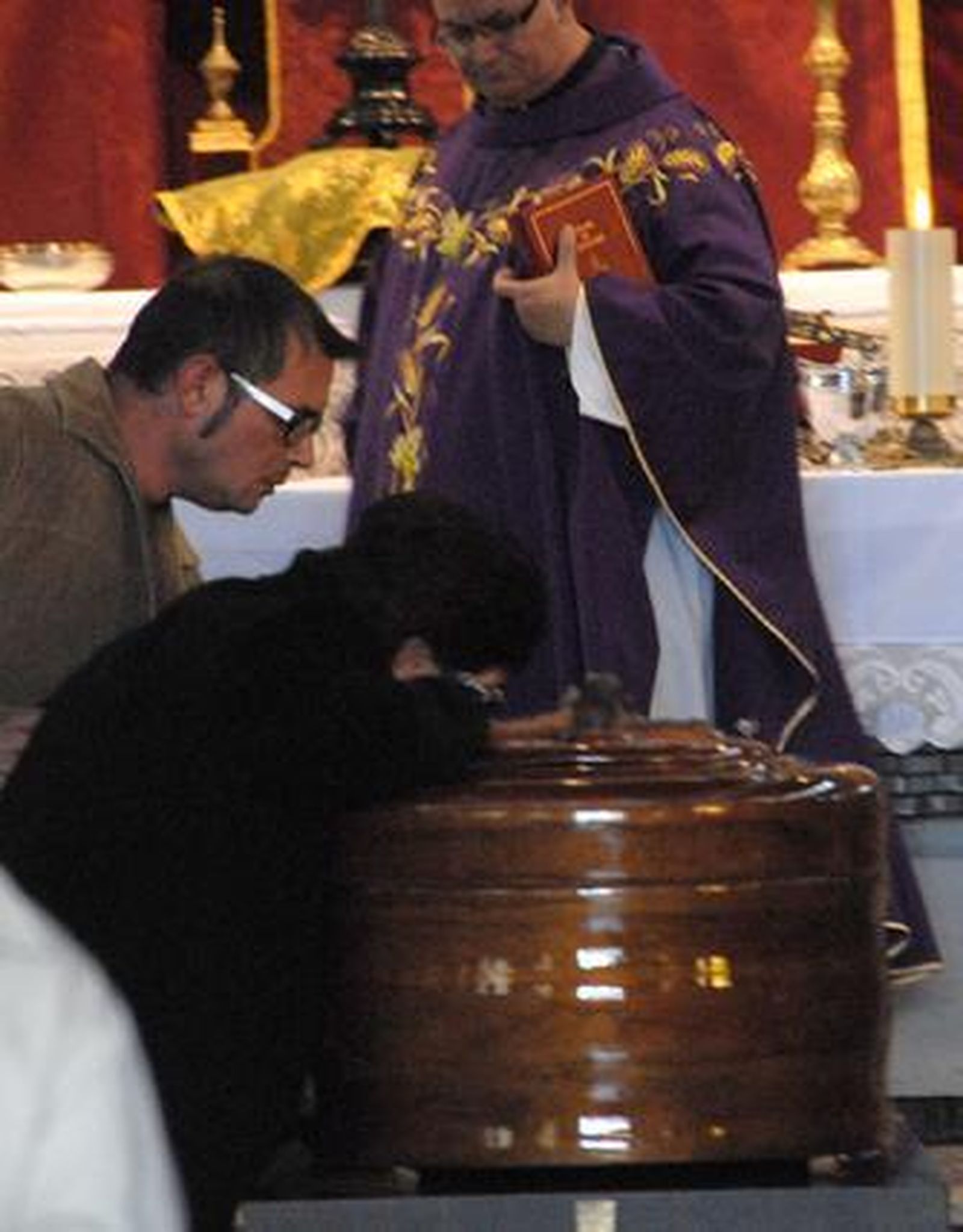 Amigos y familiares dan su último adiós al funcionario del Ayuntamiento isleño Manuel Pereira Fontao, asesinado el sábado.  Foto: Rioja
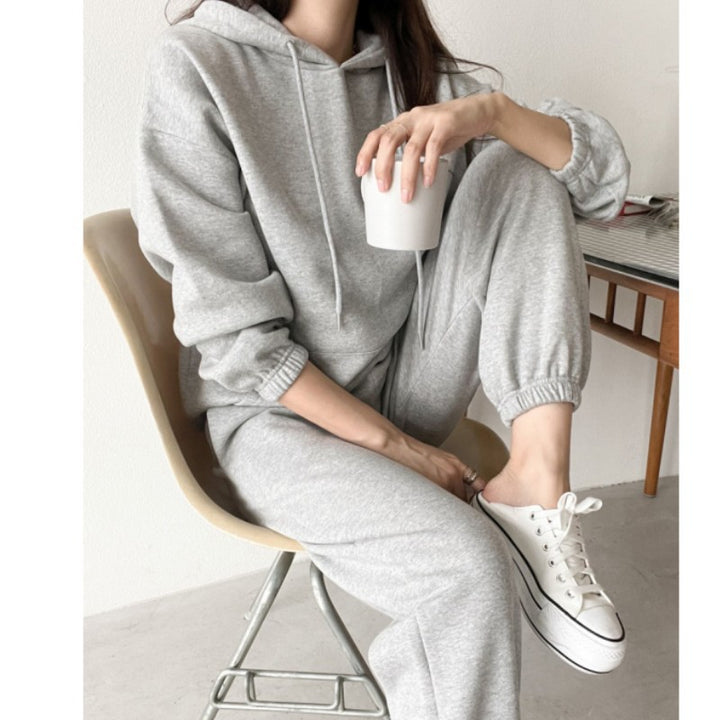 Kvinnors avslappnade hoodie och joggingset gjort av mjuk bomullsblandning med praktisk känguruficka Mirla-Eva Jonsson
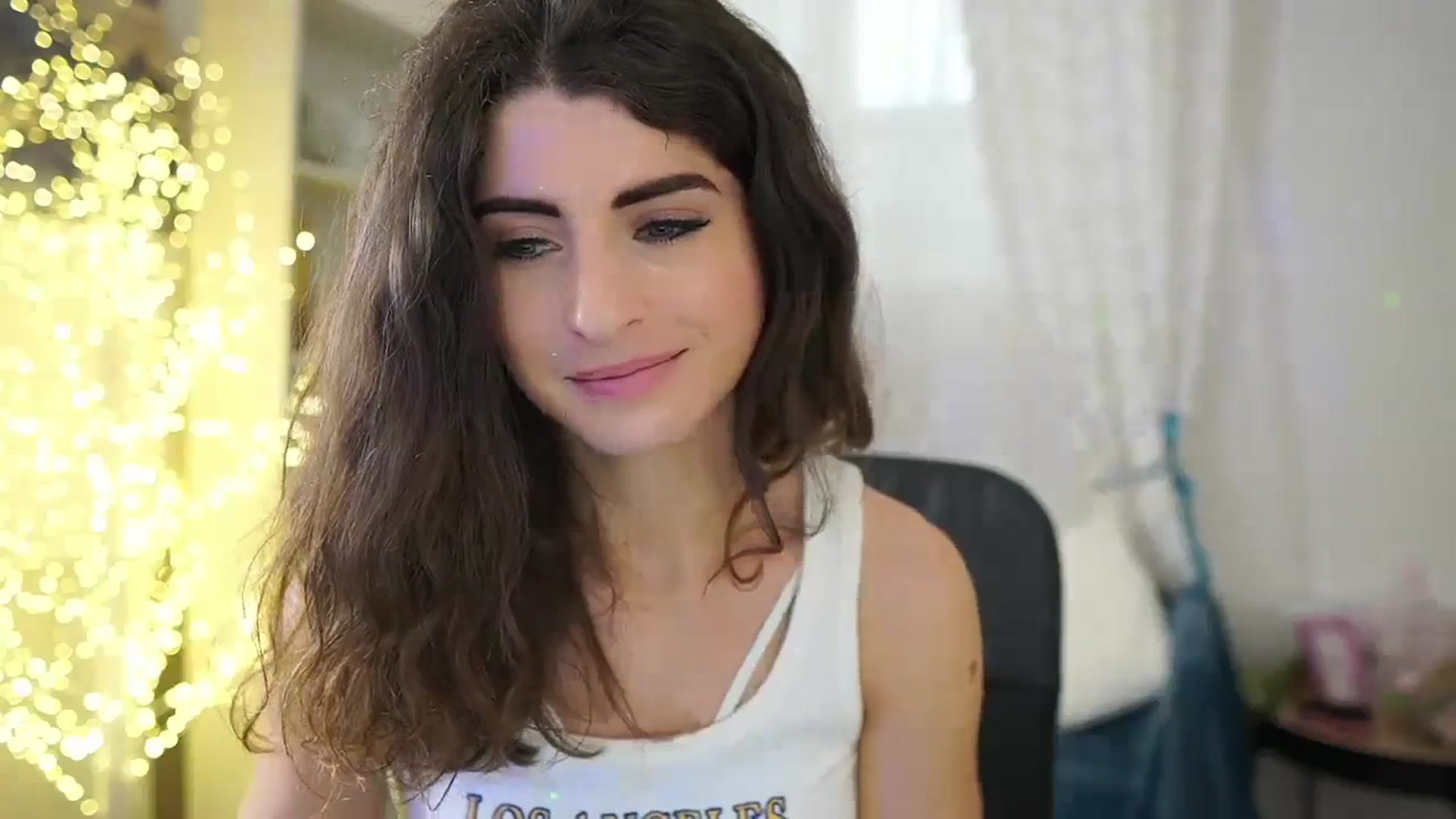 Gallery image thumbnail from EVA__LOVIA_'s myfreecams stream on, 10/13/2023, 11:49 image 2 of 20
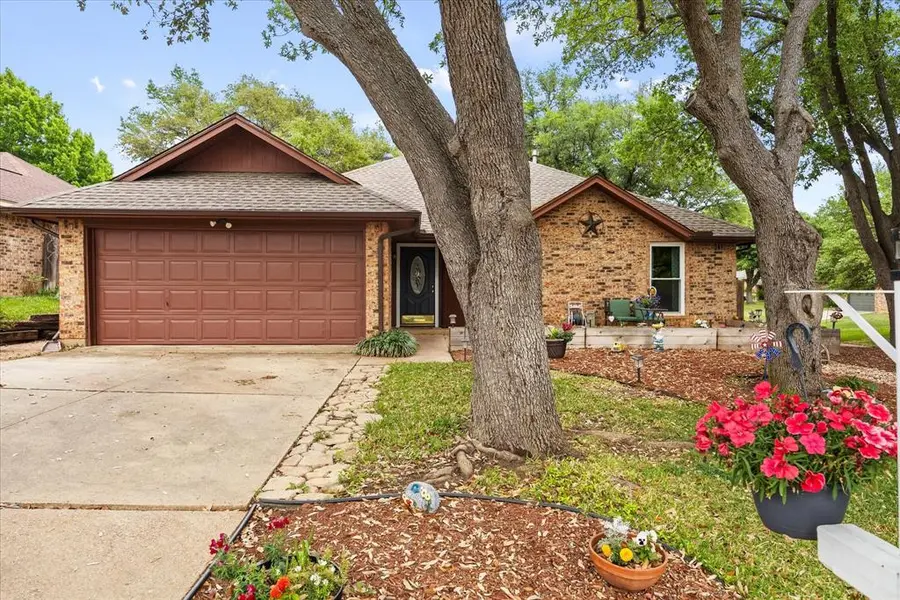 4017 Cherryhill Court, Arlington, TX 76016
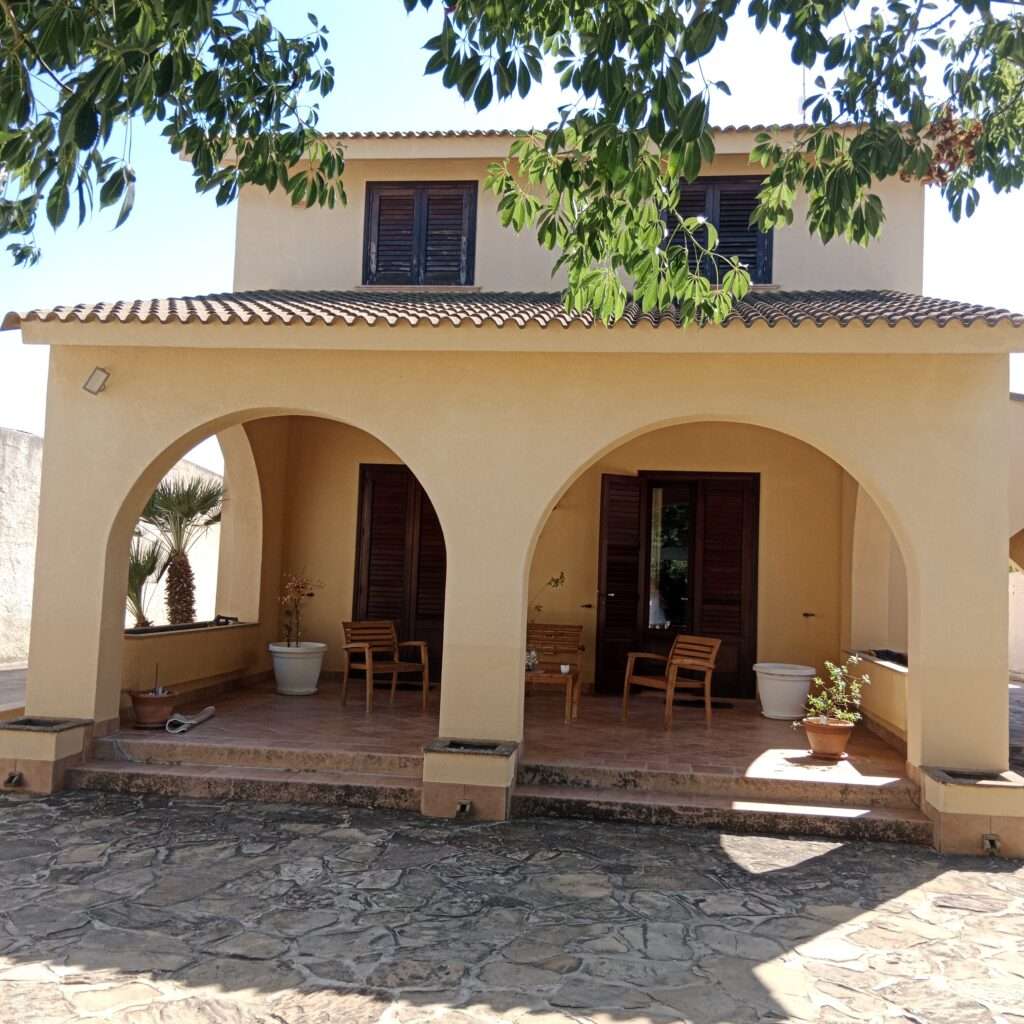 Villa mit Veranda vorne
· · ·
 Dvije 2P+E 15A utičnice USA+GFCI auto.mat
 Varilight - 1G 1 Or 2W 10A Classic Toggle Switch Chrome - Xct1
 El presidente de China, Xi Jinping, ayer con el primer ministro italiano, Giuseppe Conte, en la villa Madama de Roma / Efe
· · ·
What to produce - Repeat exactly the lines above, beginning at the one containing "Kvinnors avslappnade hoodie" and ending at the one containing "Villa mit Veranda vorne". Do not carry over any pictures.

Solved problem -
 Kvinnors avslappnade hoodie och joggingset gjort av mjuk bomullsblandning med praktisk känguruficka Mirla-Eva Jonsson
 Gallery image thumbnail from EVA__LOVIA_'s myfreecams stream on, 10/13/2023, 11:49 image 2 of 20
 4017 Cherryhill Court, Arlington, TX 76016
 Villa mit Veranda vorne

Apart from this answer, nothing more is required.